HRA and the common law constitutional rights
The interplay between Convention rights and the common law's own fundamental rights tradition.
Overview
The relationship between the Human Rights Act 1998 and the common law's indigenous protection of fundamental rights is one of the most intellectually contested areas of contemporary constitutional law. While the HRA incorporates most of the European Convention on Human Rights into domestic law, the common law has long recognised a range of fundamental rights through judge-made principles. These include access to justice (R v Lord Chancellor, ex parte Witham), the right not to be subjected to arbitrary detention, freedom of expression, and the principle of legality (which restricts statutory encroachment on rights absent express words or necessary implication).
This week's note examines three core questions. First, what is the relationship between Convention rights and common law rights? Are they complementary, overlapping, or in tension? Second, which regime prevails when they diverge—can common law rights exceed or undercut Convention standards? Third, what role remains for the common law after the HRA's entry into force? The Supreme Court has oscillated between emphasising the HRA's primacy (the 'mirror principle') and reasserting the vitality and autonomy of the common law (Osborn, Kennedy, Moohan, Nicklinson, Belhaj, Hallam).
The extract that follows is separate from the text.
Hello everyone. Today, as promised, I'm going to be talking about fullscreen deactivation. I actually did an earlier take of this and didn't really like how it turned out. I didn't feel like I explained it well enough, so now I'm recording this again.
Understanding this dynamic requires mastery of the statutory scheme (covered in Week 9), the pre-HRA common law tradition, and the post-HRA case law that seeks to reconcile them.
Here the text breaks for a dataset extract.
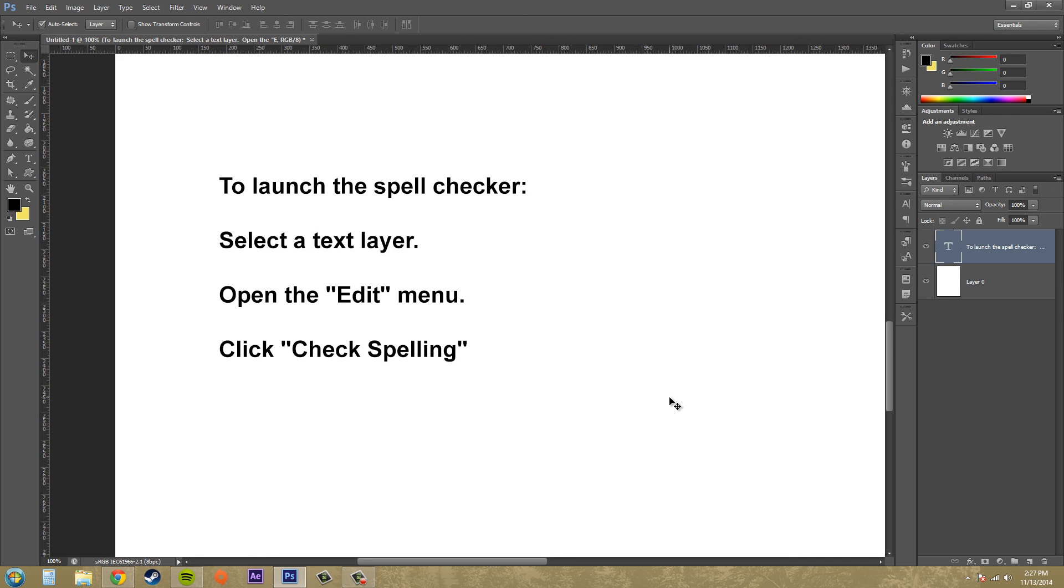So have fun everybody with a spell check. And I look forward to seeing you guys in the next tutorial. It's going to be awesome. See you later.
The practical significance is considerable. Common law rights may apply in contexts where Convention rights do not (such as disputes between private parties or acts of non-public bodies). They may also provide a fallback where s 3 HRA interpretation fails and a s 4 declaration is inappropriate. For the exam, you must be able to analyse whether a claimant should rely on the HRA, the common law, or both, and to evaluate the normative and doctrinal arguments for the common law's continued independence.